## What is needed
Give an exact copy of the data that follows, but none of its pictures.

## Exercise data
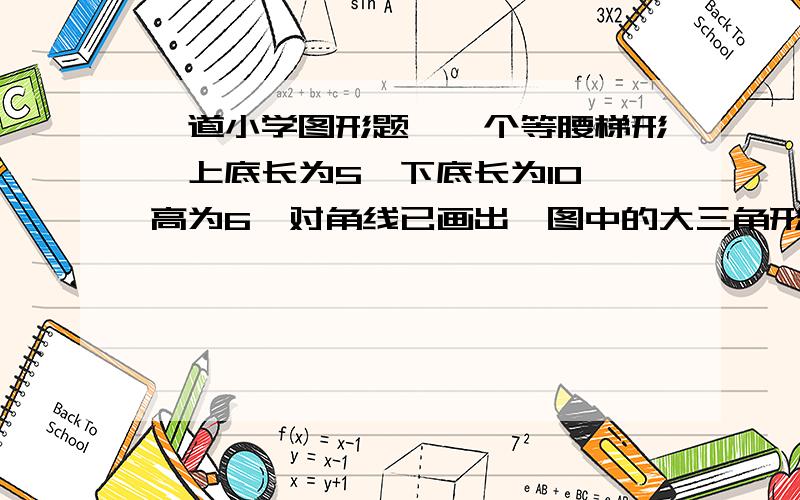 一道小学图形题,一个等腰梯形,上底长为5,下底长为10,高为6,对角线已画出,图中的大三角形为阴影部分,求阴影部分面积?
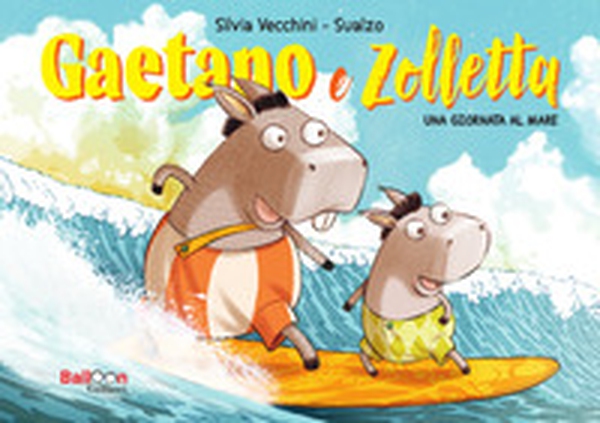 Gaetano e Zolletta. Una giornata al mare - Librerie.coop Gaetano e Zolletta. Una giornata al mare - Librerie.coop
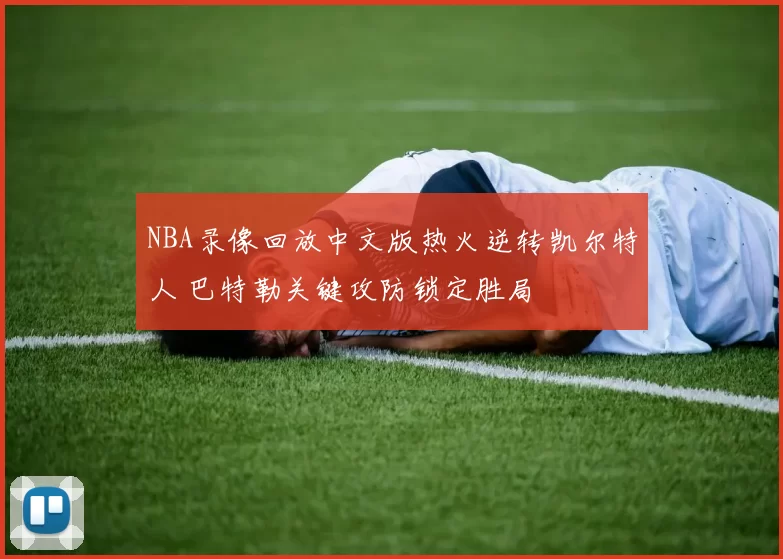 NBA录像回放中文版热火逆转凯尔特人 巴特勒关键攻防锁定胜局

## Answer space
 一道小学图形题,一个等腰梯形,上底长为5,下底长为10,高为6,对角线已画出,图中的大三角形为阴影部分,求阴影部分面积?
 Gaetano e Zolletta. Una giornata al mare - Librerie.coop Gaetano e Zolletta. Una giornata al mare - Librerie.coop
 NBA录像回放中文版热火逆转凯尔特人 巴特勒关键攻防锁定胜局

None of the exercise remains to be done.